→ **Dataset extract**
*** Block opens ***

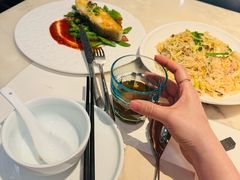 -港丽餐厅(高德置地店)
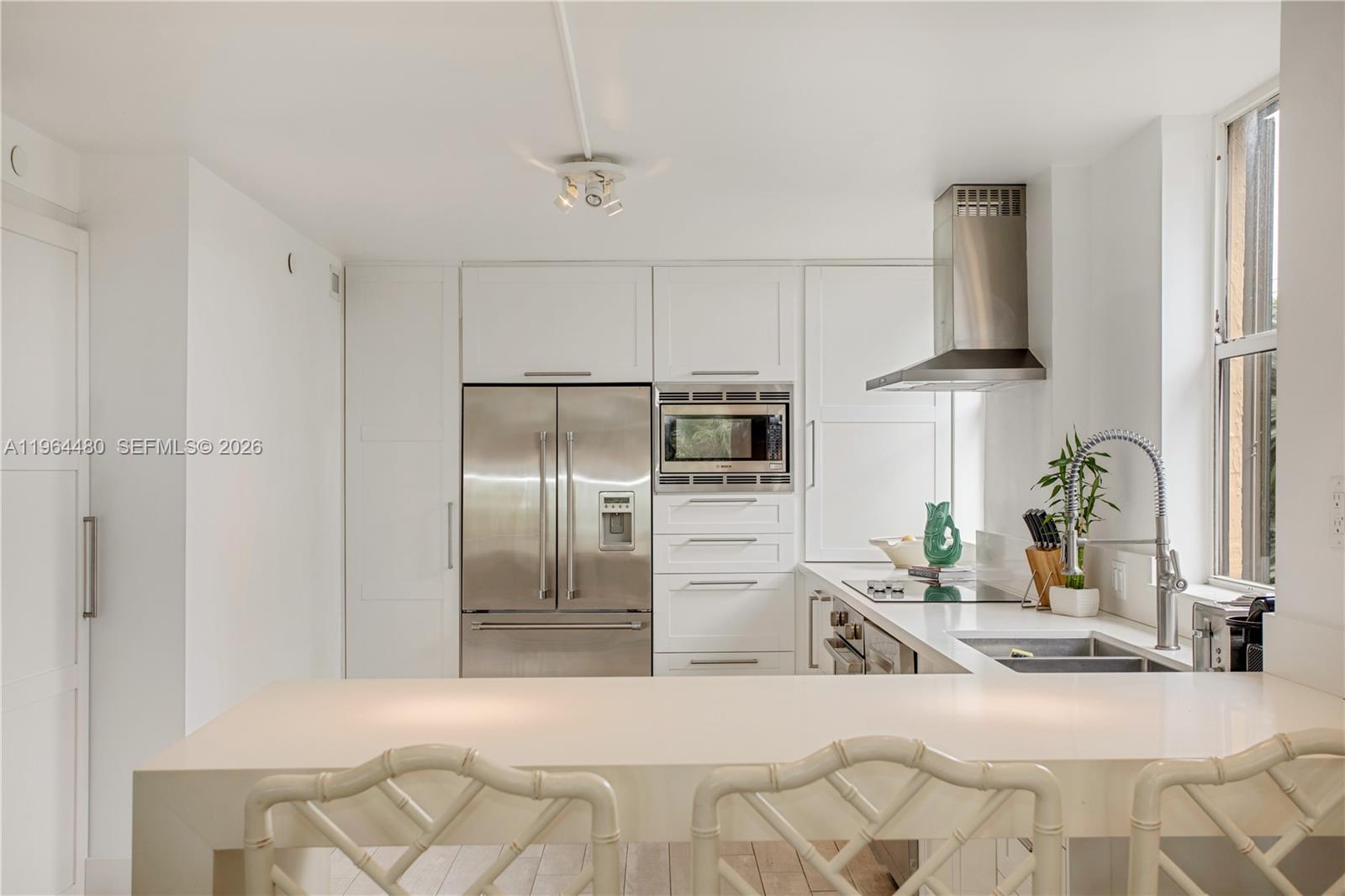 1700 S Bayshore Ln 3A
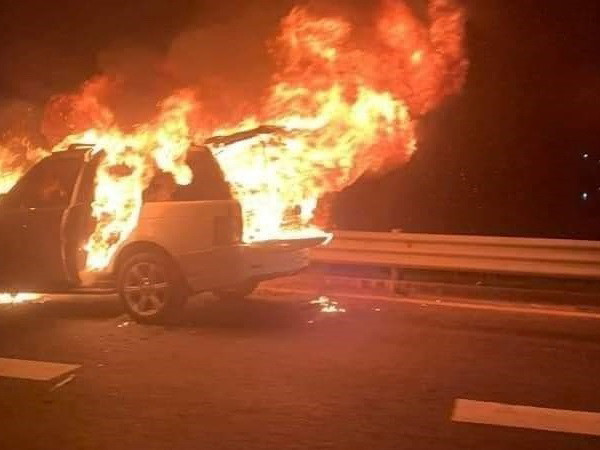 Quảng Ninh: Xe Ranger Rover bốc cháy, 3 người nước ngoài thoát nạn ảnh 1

*** Block closes ***

→ **Required action**
Write out the whole of the data exactly; the pictures stay out.

→ **Output of the exercise**
 -港丽餐厅(高德置地店)
 1700 S Bayshore Ln 3A
 Quảng Ninh: Xe Ranger Rover bốc cháy, 3 người nước ngoài thoát nạn ảnh 1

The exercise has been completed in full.